Nothing but the lines from the one containing "European and American" to the end of the data should be copied, exactly, and the pictures stay out.

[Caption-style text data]
-=-=-
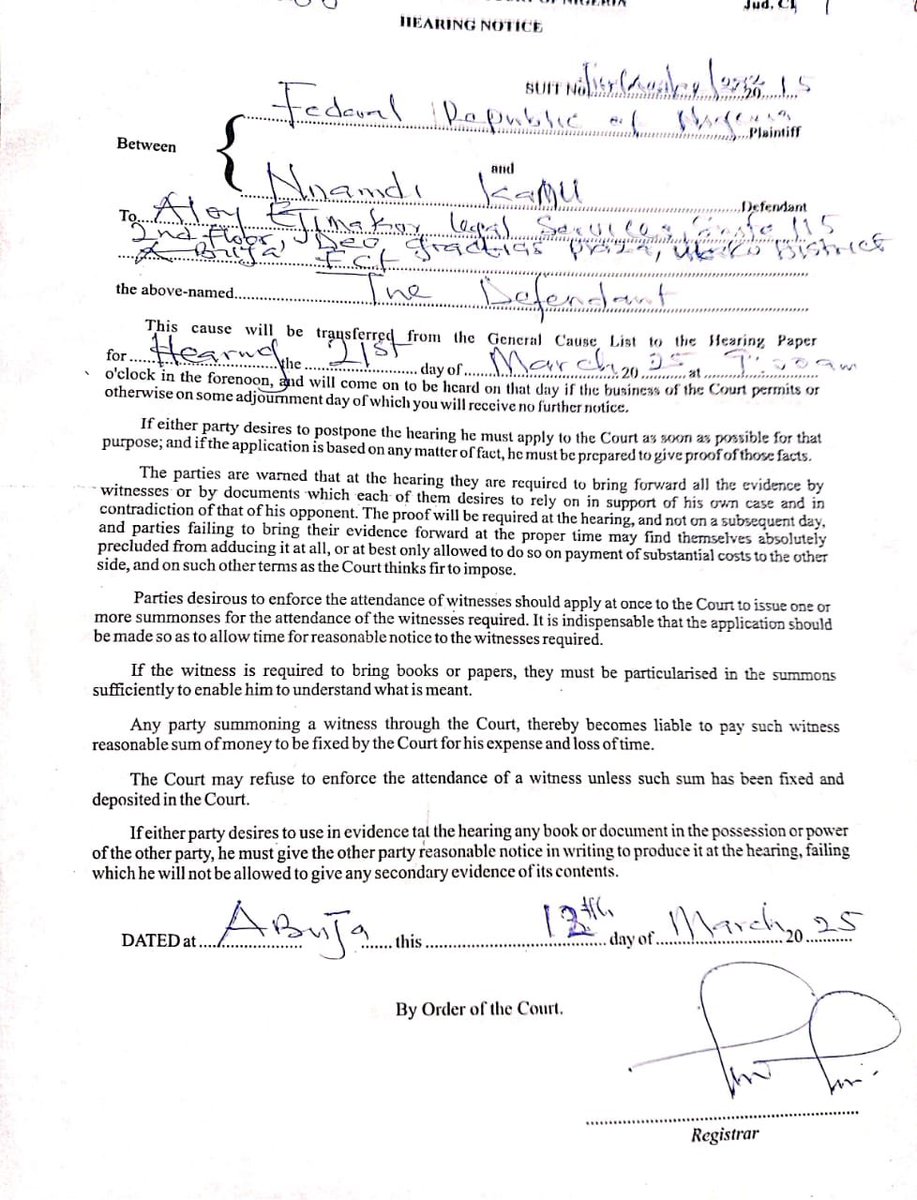 AloyEjimakor's tweet photo. It’s now official that Onyendu Mazi Nnamdi Kanu shall appear before a new Judge on 21st March 2025. It’s a milestone; and we are primed &amp; ready. https://t.co/u9kPwm5fZw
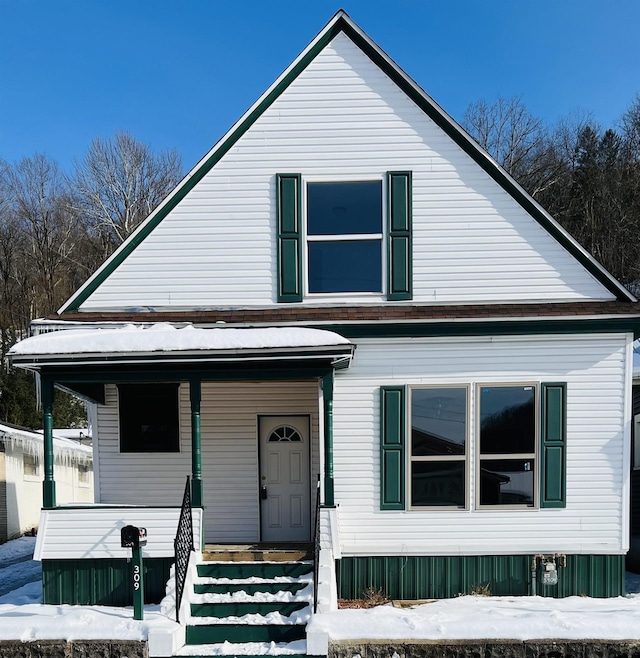 view of front facade featuring covered porch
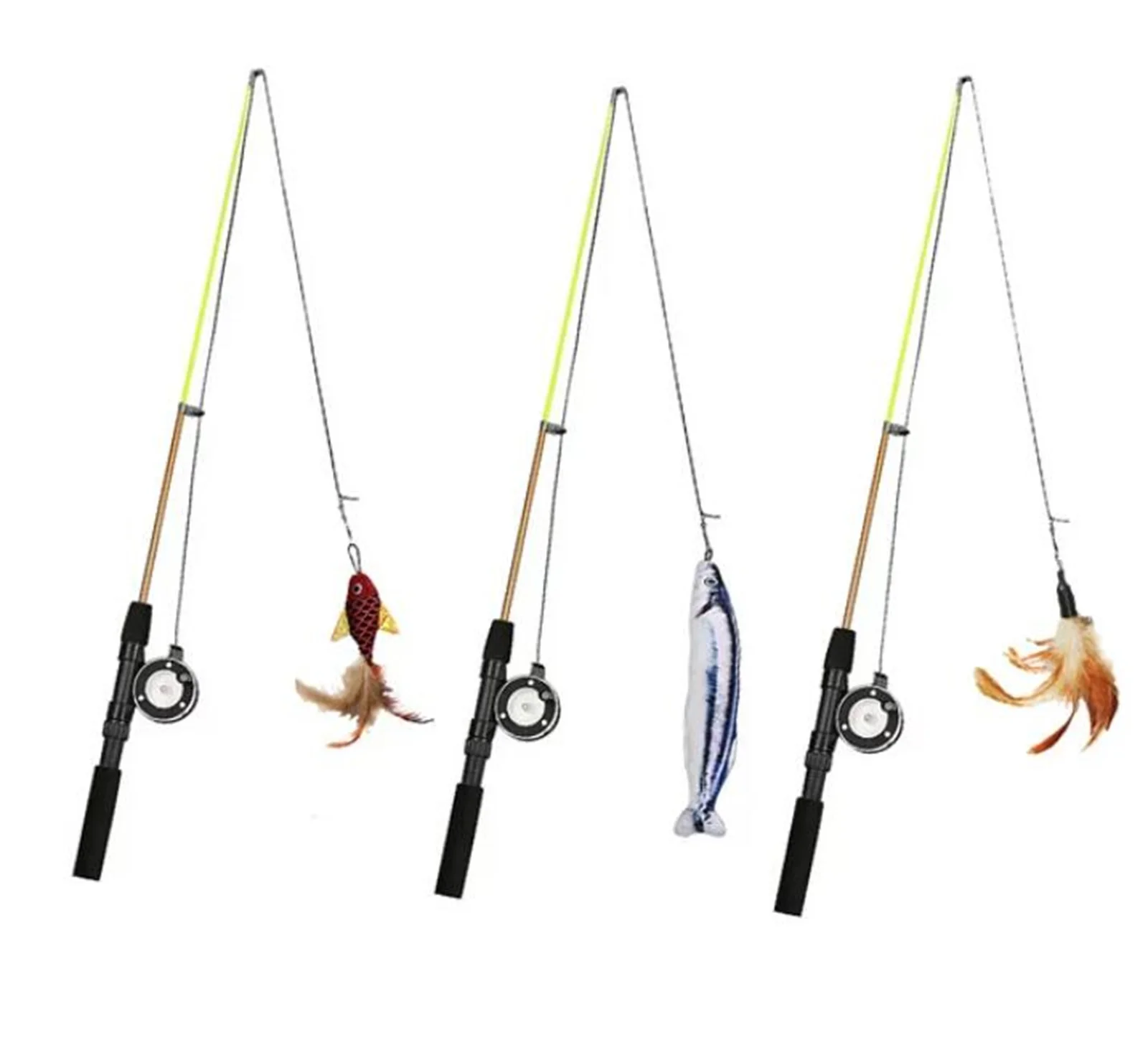 Fishing Rod Cat Toy Pulley Telescopic Fishing Rod Cat Toy Manual Reel Design Lifelike Fish Design To Use For Kicking For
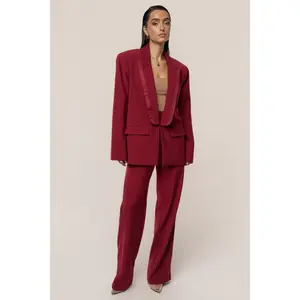 Burgundy Suite Life Woven Blazer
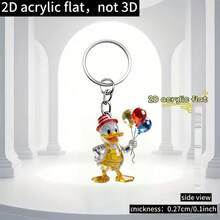 Disney 2D Plane, 1 Cute Duck Balloon Acrylic Keychain - Cute Rhinestone Little Duck, Suitable For Car Keys, Backpack (Valentine's Day Gift) - Cute Anime Keyring, 2D Plane - Multicolor - View 6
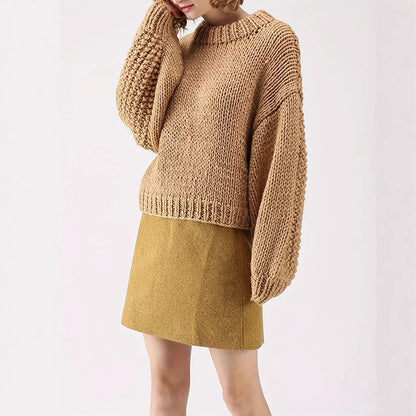 European and American Export Yellow Retro Style Thick Knitted Round Neck Sweater Women's Loose Lantern Sleeve Lazy Autumn and Winter Pullover Top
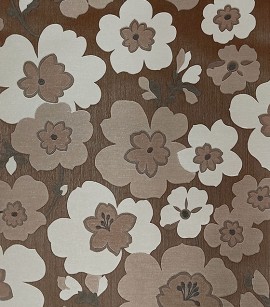Papel de Parede Floral Tons de Marrom e Cinza Claro (Leve Brilho) - Coleção Italian Select (Colori Piú) - Vinílico Lavável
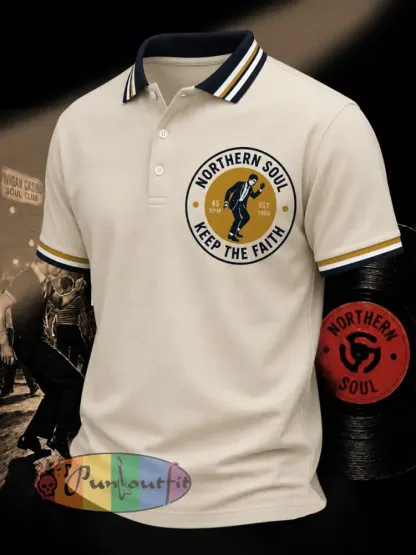 Men’s Retro Northern Soul Keep The Faith Print Casual Polo - Beige · S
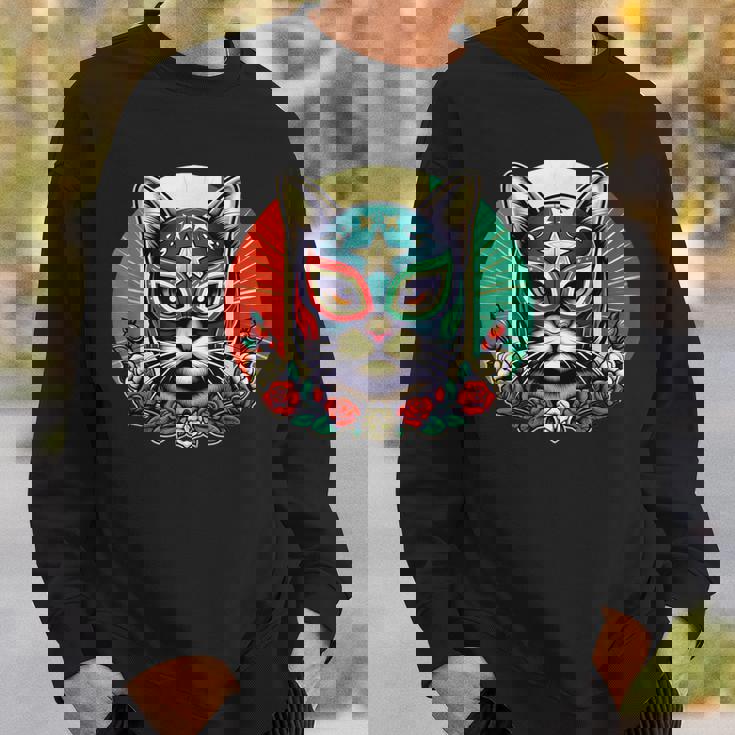 ルチャ リブレ クールキャットマスク ルチャドールマスク スウェットシャツ 彼への贈り物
-=-=-
RESULT OF THE EXERCISE:
 European and American Export Yellow Retro Style Thick Knitted Round Neck Sweater Women's Loose Lantern Sleeve Lazy Autumn and Winter Pullover Top
Papel de Parede Floral Tons de Marrom e Cinza Claro (Leve Brilho) - Coleção Italian Select (Colori Piú) - Vinílico Lavável
 Men’s Retro Northern Soul Keep The Faith Print Casual Polo - Beige · S
 ルチャ リブレ クールキャットマスク ルチャドールマスク スウェットシャツ 彼への贈り物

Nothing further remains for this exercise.